Puitis...sampai dekor panggung
Ada Musikalisasi Puisi

Suasana malam Ngayogjazz sungguh memikat hati pengunjung yang datang dari berbagai kota bahkan mancanegara. Apalagi sepanjang jalan yang dihiasi dengan lampu berbalut anyaman bambu. Nah, ada satu panggung yang cukup menyita perhatian pengunjung, tepatnya panggung Wawung. Dengan adanya penampilan musikalisasi puisi oleh gadis berhijab bernama Lily. Mendadak malam menjadi syahdu lewat untaian kata demi kata diiringi alunan swing oleh Komunitas Jazz Jogja yang dalam kesempatan ini pula menelurkan album kompilasi jazz.

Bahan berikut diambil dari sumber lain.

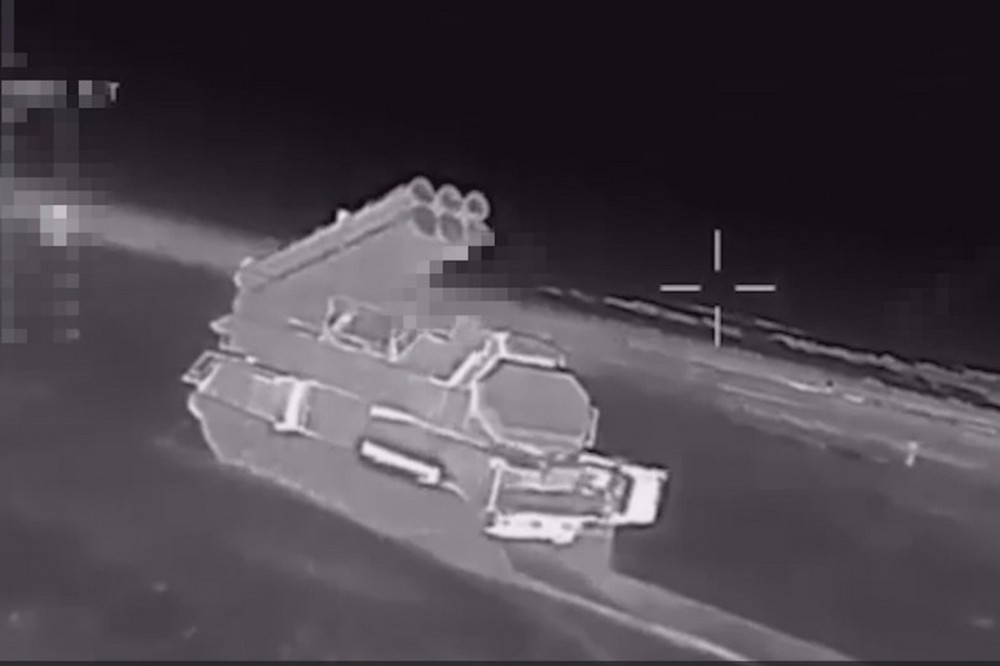 Дрони СБС упродовж години знищили два ворожі ЗРК – «Бук» і «Тор» 1 Дрони СБС упродовж години знищили два ворожі ЗРК – «Бук» і «Тор»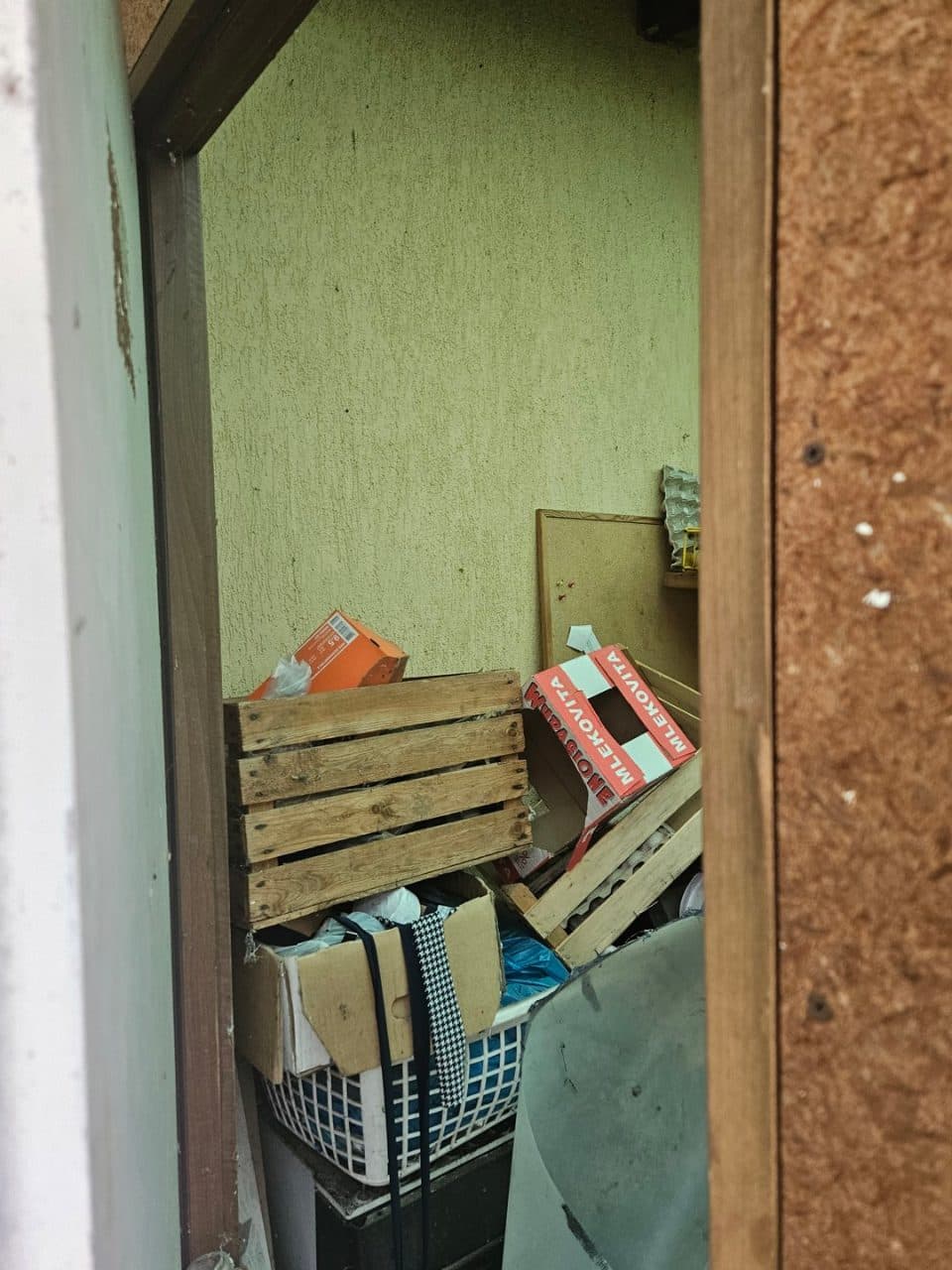 zabudowana nieruchomość położona w miejscowości: Domaniewice ul. Sosnowa nr 4, gmina Domaniewice, działka nr 1714 o pow. 0,0978 ha, zapisana w Księdze Wieczystej Wydziału Ksiąg Wieczystych Sądu Rejonowego Łowiczu pod nr LD1O/00017481/3 – zdjęcie 11 z 40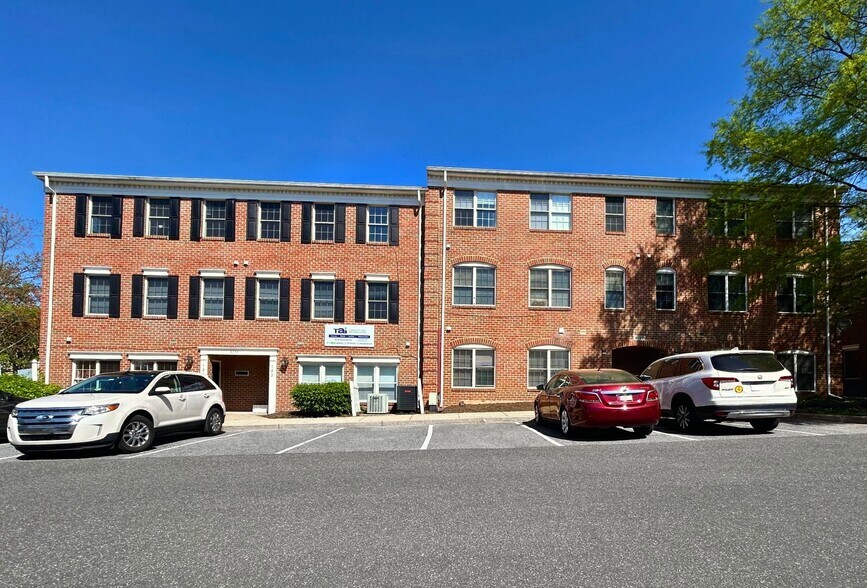 More Photos Of 8713-8751 Greenbelt Rd, Greenbelt Medical For Sale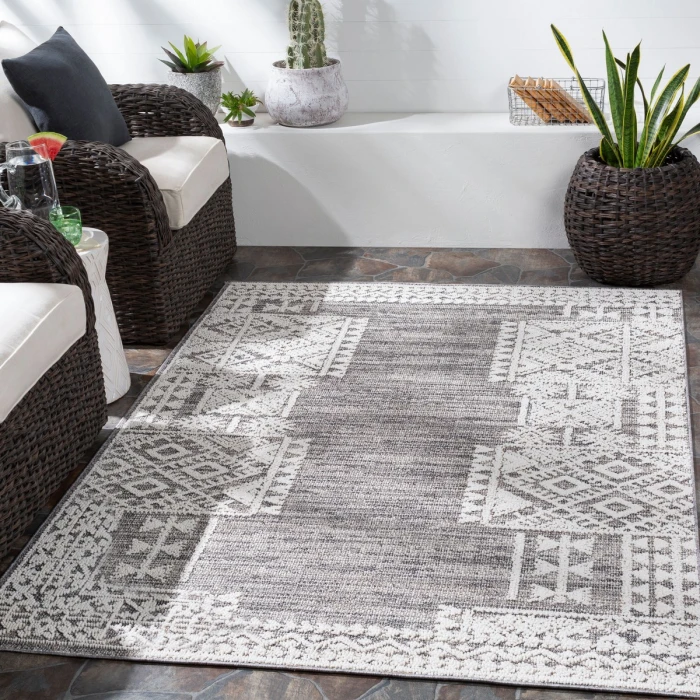 Livabliss Ariana Gray RIA-2306 2 ft. 2 in. X 3 ft. 9 in. Rect. Rug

“Baru kali ini ada musikalisasi puisi di Ngayogjazz. Keren sih, bikin malam minggu makin syahdu,” curhat cewek berkulit sawo matang bernama Indah.

Duet Momo dan Parabiru bikin semangat
Warna Baru Lewat Momo & Parabiru

Jika Ngayogjazz tahun lalu menjadi panggung perdana solois Jalu TP mengenalkan musiknya kepada khalayak, kali ini giliran Momo & Parabiru. Sebuah band yang dilahirkan hasil perenungan Momo setelah resmi meninggalkan Captain Jack beberapa waktu lalu. Membuka dengan memainkan Sampe (gitar khas Kalimantan), Momo tampil lebih kalem dan nge-pop walaupun sesekali menghentak panggung. Single pertamanya berjudul Superhero menjadi warna baru dalam sejarah festival Ngayogjazz.

“Ibaratnya aku ini cuma ganti baju, jiwanya tetap aku (Momo), jadi ya nggak banyak berubah, dan bisa dibilang Parabiru ini adalah cara pemberontakan yang berbeda dari apa yang aku lakukan dulu,” ungkap Momo usai manggung. Disusul momen haru foto bareng Monster Jackers yang datang ke Ngayogjazz. Semoga jadi awal yang baik deh!